AIM OF THE EXERCISE:
The required output is the line containing "Nacen cuatro bebés" and every line after it, transcribed exactly through the end of the data below.

TASK MATERIAL:
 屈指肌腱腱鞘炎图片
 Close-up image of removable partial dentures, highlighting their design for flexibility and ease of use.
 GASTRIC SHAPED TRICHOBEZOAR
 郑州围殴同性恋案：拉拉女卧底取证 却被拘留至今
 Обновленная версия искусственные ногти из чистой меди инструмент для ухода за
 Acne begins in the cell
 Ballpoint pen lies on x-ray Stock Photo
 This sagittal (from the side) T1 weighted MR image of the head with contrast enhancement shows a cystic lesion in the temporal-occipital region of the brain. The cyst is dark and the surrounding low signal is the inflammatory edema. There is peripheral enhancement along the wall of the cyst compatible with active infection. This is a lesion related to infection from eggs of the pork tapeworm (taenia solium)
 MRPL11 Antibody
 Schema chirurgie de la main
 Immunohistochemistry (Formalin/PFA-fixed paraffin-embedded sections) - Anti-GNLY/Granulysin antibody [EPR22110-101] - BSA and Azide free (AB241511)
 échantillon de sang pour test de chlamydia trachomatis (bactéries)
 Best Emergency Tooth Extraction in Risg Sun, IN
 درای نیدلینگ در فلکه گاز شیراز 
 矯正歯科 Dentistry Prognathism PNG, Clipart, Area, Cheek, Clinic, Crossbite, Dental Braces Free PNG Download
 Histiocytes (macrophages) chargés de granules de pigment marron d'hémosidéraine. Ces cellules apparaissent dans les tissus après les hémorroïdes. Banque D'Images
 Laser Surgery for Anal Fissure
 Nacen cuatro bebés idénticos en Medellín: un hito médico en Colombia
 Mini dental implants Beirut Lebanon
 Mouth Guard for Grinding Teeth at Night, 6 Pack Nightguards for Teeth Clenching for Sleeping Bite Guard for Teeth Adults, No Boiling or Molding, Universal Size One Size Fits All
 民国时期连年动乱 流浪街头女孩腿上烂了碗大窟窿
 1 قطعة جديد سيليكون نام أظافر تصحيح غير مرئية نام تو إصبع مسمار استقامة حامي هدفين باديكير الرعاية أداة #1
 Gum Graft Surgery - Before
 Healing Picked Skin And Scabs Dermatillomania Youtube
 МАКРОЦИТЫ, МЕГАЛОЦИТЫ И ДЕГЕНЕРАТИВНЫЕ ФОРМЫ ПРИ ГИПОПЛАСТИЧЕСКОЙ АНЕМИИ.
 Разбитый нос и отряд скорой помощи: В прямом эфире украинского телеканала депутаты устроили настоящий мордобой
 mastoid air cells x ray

WRITTEN RESPONSE:
 Nacen cuatro bebés idénticos en Medellín: un hito médico en Colombia
 Mini dental implants Beirut Lebanon
 Mouth Guard for Grinding Teeth at Night, 6 Pack Nightguards for Teeth Clenching for Sleeping Bite Guard for Teeth Adults, No Boiling or Molding, Universal Size One Size Fits All
 民国时期连年动乱 流浪街头女孩腿上烂了碗大窟窿
 1 قطعة جديد سيليكون نام أظافر تصحيح غير مرئية نام تو إصبع مسمار استقامة حامي هدفين باديكير الرعاية أداة #1
 Gum Graft Surgery - Before
 Healing Picked Skin And Scabs Dermatillomania Youtube
 МАКРОЦИТЫ, МЕГАЛОЦИТЫ И ДЕГЕНЕРАТИВНЫЕ ФОРМЫ ПРИ ГИПОПЛАСТИЧЕСКОЙ АНЕМИИ.
 Разбитый нос и отряд скорой помощи: В прямом эфире украинского телеканала депутаты устроили настоящий мордобой
 mastoid air cells x ray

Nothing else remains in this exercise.